仕事の疲労も最高潮の金曜日の朝に体験した、エクストリーム出社。実際に体験した事で、その魅力が幾つか見えてきた。

<非現実的な体験>

エクストリーム出社はまさに、非現実的な体験なのである。“忙しい朝だからこそ、あえて、ゆったりした時間を過ごす”、 “普段仕事の事を考えている時間に、あえて、遊びの事を考える”、 “普段寝ている時に、あえてカヌーをする“等と、 「あえて」特別な事をする事で、普段とは違う”異常感“を自分の中で感じ、そして、人とは違うという”優越感“にまでなった、特別な感覚を味わえるのだ。休日に同じアクティビティを行ったとしても、感じることのできないこの”異常感“と“優越感”こそが、平日の朝に行う、エクストリーム出社の醍醐味なのではないだろうか。

<仕事との距離感>

ビジネスパーソンの間で、定着しつつある、「朝活」とは明らかに違うのが、その目的である。「朝活」は朝の時間を利用して、仕事、勉強、スポーツ等を行い、仕事のためになるような自己啓発を目的としている。エクストリーム出社は、あくまでも出社前に遊ぶことに主眼をおいており、わざわざ平日の仕事前に行う事が面白い。出社前であれば、残った業務を気にする事も、残業している同僚を後目に退社して恐縮する必要ない。エクストリーム出社はそんな真面目なサラリーマンにとって、仕事とのいい距離感を持つ事を可能にしているのではないだろうか。

<健康的>

早起きは三文の徳とも言うが、今回のエクストリーム出社には、「早起き」、「体を動かす」「新鮮な空気を吸う」「朝食を食べる」という数々の健康的な利点があった。エクストリーム出社の競技例で、「朝合コン」がある。出社前なので、飲み物はノンアルコールであり、もちろんお酒の失態もなければ、男女間も非常に健全という利点がある。

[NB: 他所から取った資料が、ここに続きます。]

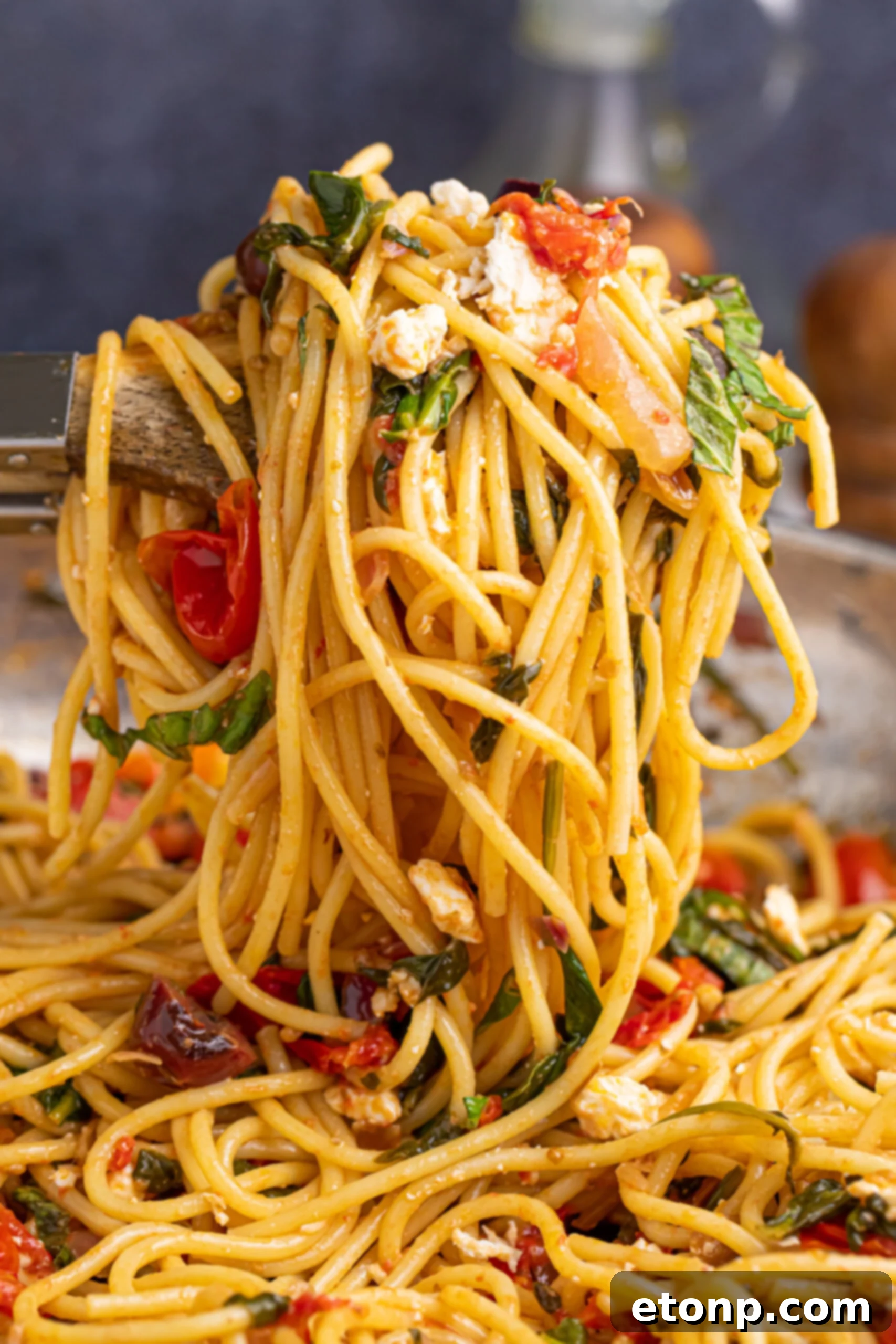 A spoon lifting a serving of Greek Spaghetti from a plate, showing the long strands of pasta intertwined with fresh vegetables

今後、エクストリーム出社は、新しいライフスタイルとして定着するのだろうか。「朝活」ブームから開講された市民講座の丸の内朝大学、「朝ごはんブーム」で最近話題の、マックブレックファストや、朝定食など、朝に関するビジネスが多数展開している中で、「エクストリーム出社」は、観光、アウトドア、スポーツ、合コン、デート等あらゆる分野で、朝マーケットの開拓を可能にしているのだ。

エクストリーム出社が定着すれば、「アフター5」ならぬ、「ビフォー9」マーケットの可能性があるのではないだろうか。「6:00amオープンのデパート」、「6:00amから開演するテーマパーク」、等、今後沢山の“ビフォー9”ビジネスが登場するかもしれない。